Noncommutative Poisson bialgebras

TL;DR

This paper introduces noncommutative Poisson bialgebras, explores their structures, and connects them with solutions to the Poisson Yang-Baxter equation, expanding the algebraic framework and solution methods.

Contribution

It establishes the equivalence of various structures for noncommutative Poisson bialgebras and introduces new tools like Rota-Baxter operators and noncommutative pre-Poisson algebras.

Findings

Equivalence between matched pairs, Manin triples, and noncommutative Poisson bialgebras.

Introduction of the Poisson Yang-Baxter equation and its skew-symmetric solutions.

Construction of solutions using Rota-Baxter and O-operators.

Abstract

In this paper, we introduce the notion of a noncommutative Poisson bialgebra, and establish the equivalence between matched pairs, Manin triples and noncommutative Poisson bialgebras.
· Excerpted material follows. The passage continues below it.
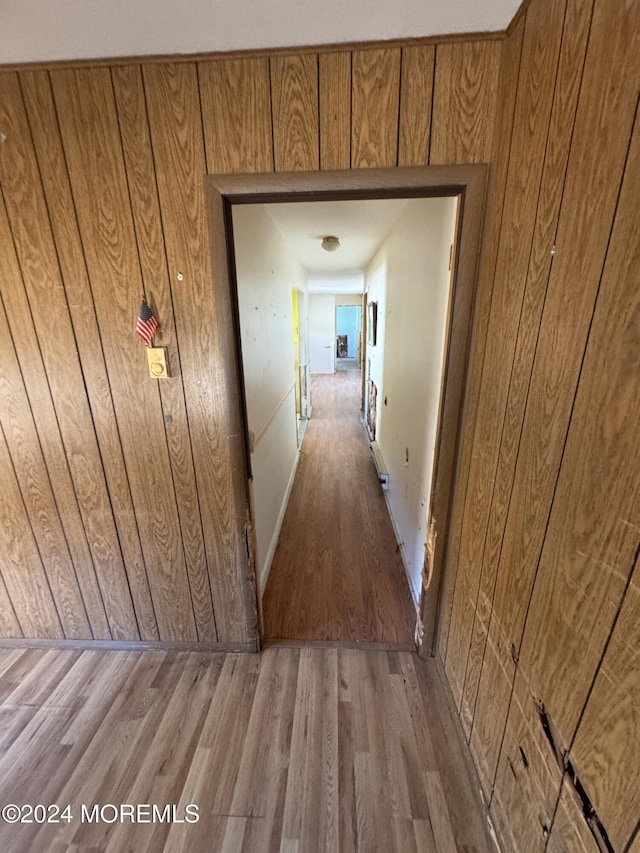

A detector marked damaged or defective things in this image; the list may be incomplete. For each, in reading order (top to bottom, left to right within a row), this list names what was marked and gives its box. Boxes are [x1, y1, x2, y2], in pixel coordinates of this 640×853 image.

damaged door frame [205, 166, 484, 652]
Using quasi-representations and the corresponding cohomology theory of noncommutative Poisson algebras, we study coboundary noncommutative Poisson bialgebras which leads to the introduction of the Poisson Yang-Baxter equation. A skew-symmetric solution of the Poisson Yang-Baxter equation naturally gives a (coboundary) noncommutative Poisson bialgebra. Rota-Baxter operators, more generally O-operators on noncommutative Poisson algebras, and noncommutative pre-Poisson algebras are introduced, by which we construct skew-symmetric solutions of the Poisson Yang-Baxter equation in some special noncommutative Poisson algebras obtained from these structures.